2012-01-04  Mark Rowe  <mrowe@apple.com>

        <http://webkit.org/b/75604> All instances of JSC::ArgumentsData appear to be leaked by JSC::Arguments

        Since JSC::Arguments has an OwnPtr for a member it needs to override destroy
        to ensure that the correct destructor is invoked. This is necessary because
        JSCell subclasses all intentionally have non-virtual destructors.

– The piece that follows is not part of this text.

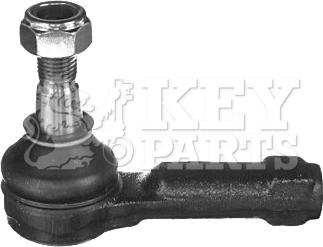 Key Parts KTR5123 - Наконечник рульової тяги, кульовий шарнір autozip.com.ua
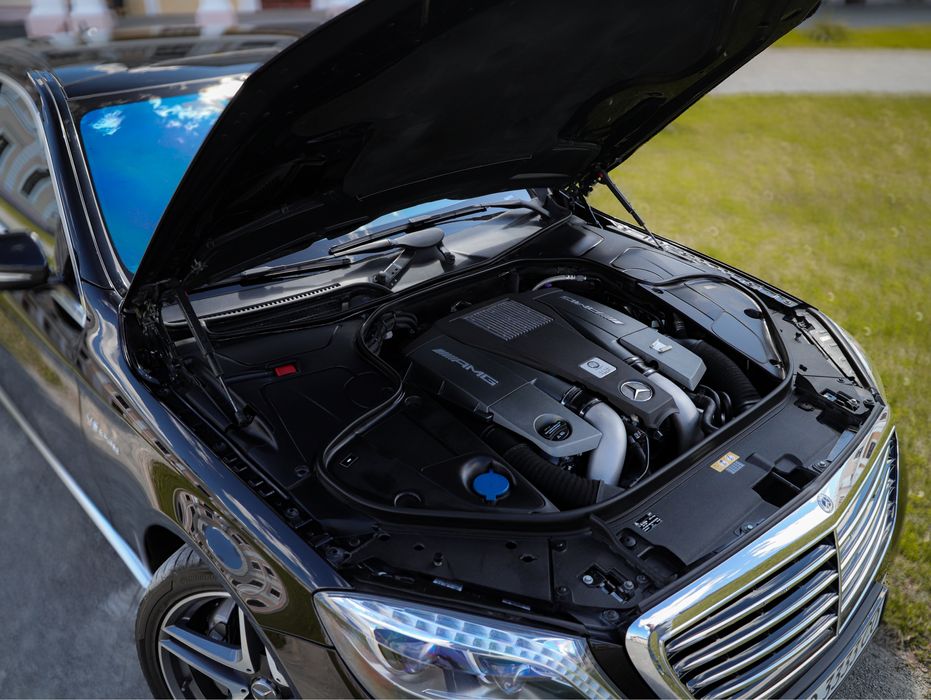 Mersedes S63 AMG 2016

        Reviewed by Filip Pizlo.

        * runtime/Arguments.cpp:
        (JSC::Arguments::destroy):
        * runtime/Arguments.h:

2012-01-04  Filip Pizlo  <fpizlo@apple.com>

        Unreviewed, accidentally turned off the JIT in previous commit. Turning
        it back on.

        * wtf/Platform.h:

2012-01-04  Filip Pizlo  <fpizlo@apple.com>

        Changed "return" to "break" in some macrology I introduced in
        http://trac.webkit.org/changeset/104086. This is a benign change, as
        "return" was technically correct for all uses of the macro.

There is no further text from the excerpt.